British Bobbies Take a Spin With Santa Cruz Predictive Policing

The computer model used to predict where the next property crime might happen in Santa Cruz just switched over the the wrong side of the road.

After months of study and weeks of training with Santa Cruz officers, police in Kent, England, with a population of 1.4 million, have put the system created by area mathematicians and police into action. They've also taught Santa Cruz Police, who were the first to use it in the world, a few lessons.

Using a theory that crime sets off waves like the aftershocks of an earthquake, police enter a number of factors into a computer model that tells them were the next similar crimes will possibly occur. Some of the factors include the addresses of known burglars and where and when burglaries have taken place in the past.

At the meetings before each patrol shift, officers are given a map with possible crime locations on them. Some are obvious, such as a downtown parking garage, but others defy conventional wisdom, such as some streets at 8 a.m. after people have left for work. Most people assume burglaries are a night time thing.

Clark says the program has led to some good crime numbers: burglaries were down 11 percent last year; arrests were up 56 percent; recovered stolen cars were up 22 percent; robberies were down 27 percent. 

Kent Police have taken up the challenge in a big way. Not only are officers being briefed in every shift, like in Santa Cruz, but they are doing an entire 24-hour shift with all of the officers, as well as fire departments, working in the predicted crime areas.

So what did the British Bobbies teach Santa Cruz?

To be more interactive with the community in the predictions, says Clark.  When the British police see a neighborhood come up as a predicted target, they call a neighborhood meeting and let everyone know.

"They use the opportunity to engage the community in a different way," says Clark, who spent a week in December and one in May in Kent. "They call an impromptu meeting and say, 'Your neighborhood here has a high probability of a crime being committed, let's look at why that is. Let's work together.'"

Clark, a 28-year-veteran officer, wants to have the Santa Cruz community participate more in the program and even wants to roll out the mobile police station into areas where crimes are predicted.

He said he learned a lot from the English police about community relations.

"With us, we go in to hunt and arrest. That's always the focus of American police. The British officer goes in there, and I think, really applies problem solving at a higher level. They look for a lot of causal things. They look for something as simple as somebody's door is unlocked."

What about the fact that officers don't carry guns in England?

Clark says there are teams on call at each shift who have guns, but most beat officers don't have them. He says it makes for a more open conversation with people.

In the states, when officers talk to someone, they are always careful about keeping their gun away from the person, he says. So, they stand to the side, always wary of the chance of a person grabbing the holster.
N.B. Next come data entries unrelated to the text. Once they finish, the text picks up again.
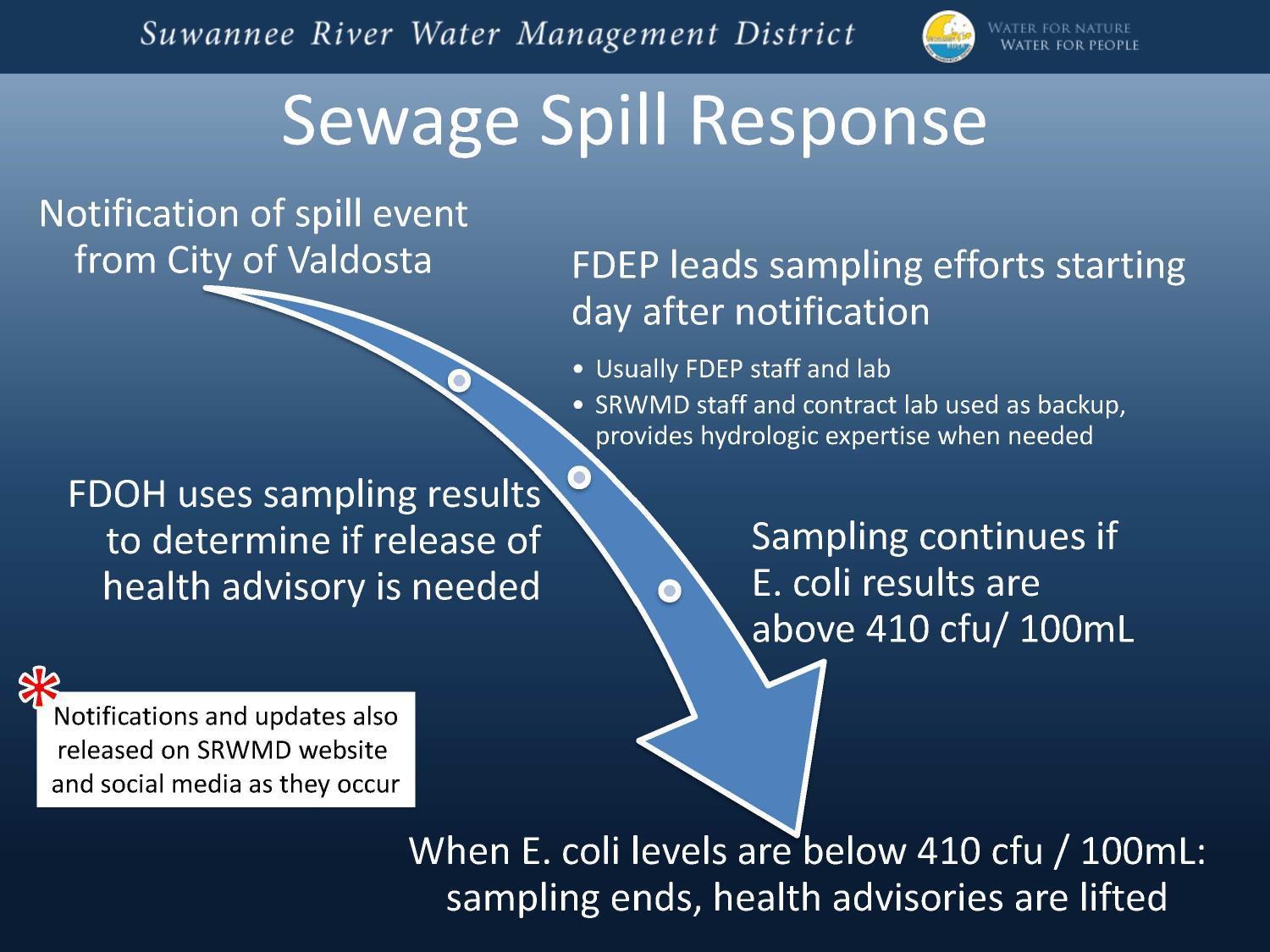 Sewage Spill Response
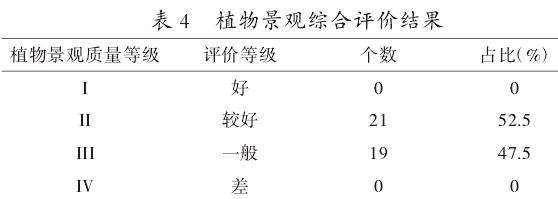 基于AHP法的城市公园植物景观综合评价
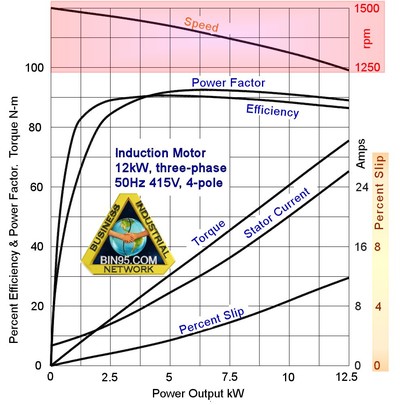 Electric Motor Load Testing: The Effects of Process Changesheight=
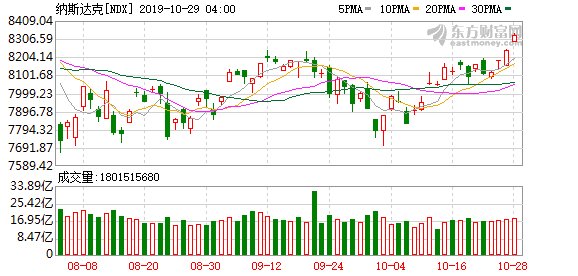 2019年可转债概念股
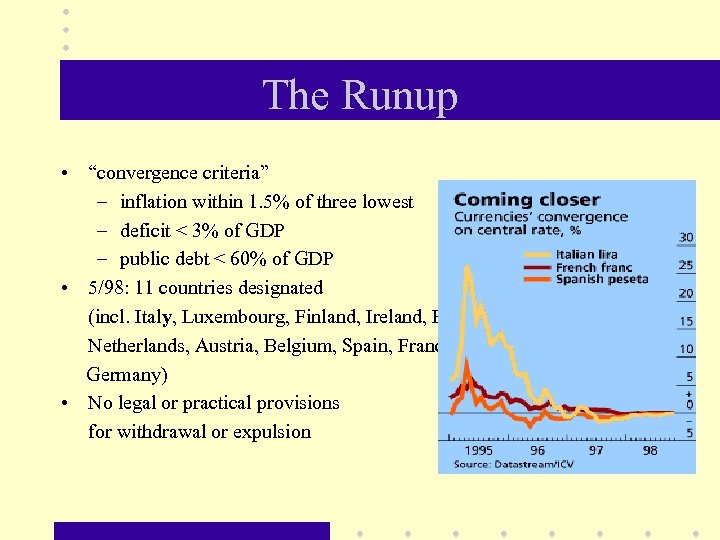 The Runup • “convergence criteria” – inflation within 1. 5% of three lowest –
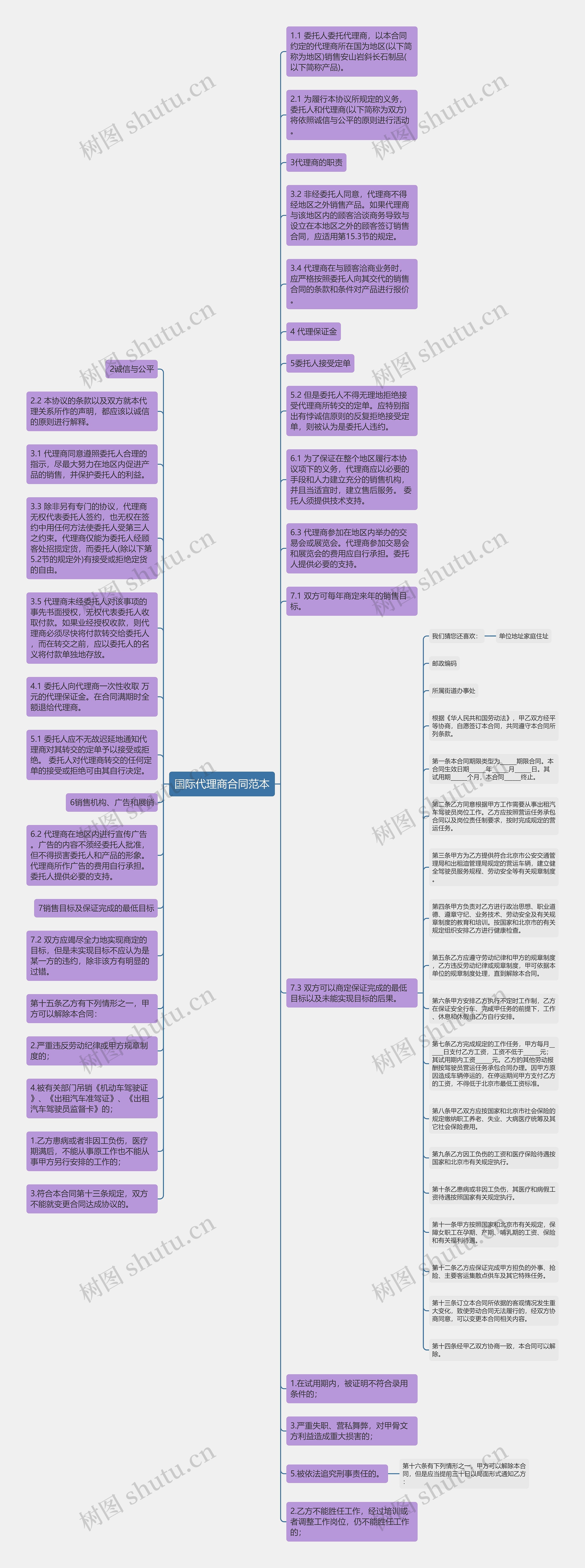 国际代理商合同范本思维导图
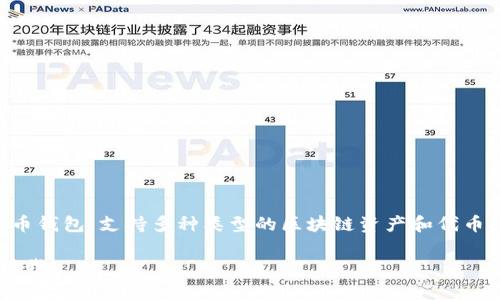 TP钱包于2018年正式上线。它是一款多链数字货币钱包，支持多种类型的区块链资产和代币，旨在为用户提供安全、便捷的数字资产管理服务。

如果你需要更详细的信息或其他相关内容，请告诉我！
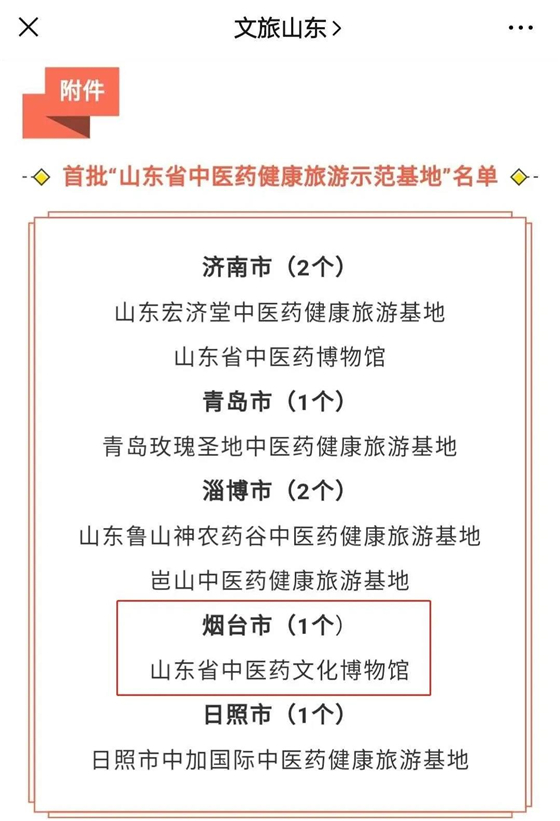 烟台4家单位入选省级示范基地 数量居全省首位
In England, officers stand straight facing the person they are talking to, making for a more relaxed, open conversation. But don't think they aren't tough, he says. Police there have more license to respond when attacked and the courts don't look down on an officer using his fists when attacked, the way they do here.
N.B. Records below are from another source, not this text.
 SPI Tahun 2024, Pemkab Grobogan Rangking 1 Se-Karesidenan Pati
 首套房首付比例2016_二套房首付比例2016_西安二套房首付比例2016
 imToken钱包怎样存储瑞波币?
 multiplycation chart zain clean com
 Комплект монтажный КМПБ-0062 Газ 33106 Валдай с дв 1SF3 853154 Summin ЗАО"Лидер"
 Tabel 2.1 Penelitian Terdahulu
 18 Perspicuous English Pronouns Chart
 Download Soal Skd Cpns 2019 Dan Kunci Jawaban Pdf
"Here, we try to control you without hitting you, without punching you. Over there, you are going to get punched. You are going to get laid out, by the officer and his partner."
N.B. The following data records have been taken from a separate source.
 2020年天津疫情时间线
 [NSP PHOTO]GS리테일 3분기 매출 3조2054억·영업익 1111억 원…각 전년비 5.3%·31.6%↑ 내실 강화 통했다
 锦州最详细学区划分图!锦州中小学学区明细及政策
The English police also take more advantage of technology. There are video cameras everywhere, monitoring everything on streets and public buildings. When officers make arrests, they are not only monitored by GPS systems, but they are watched in a video control room, a system that Americans have fought against because of what they consider to be invasion of privacy.

There are license plate readers on the roads, so police can track every car almost all the time, and find suspects more easily. 

On the flip side, he says that British police are more in touch with the concept of policing at the will of the people.

"In other words, 'we police you because you allow us to police you,'" he says. "In reality that's the way it is. Police work should never work against the will or the norms of the society they protect. We don't always look at it that way, American police. At times I think some police departments have an attitude of policing is our right, rather than an authority granted to us."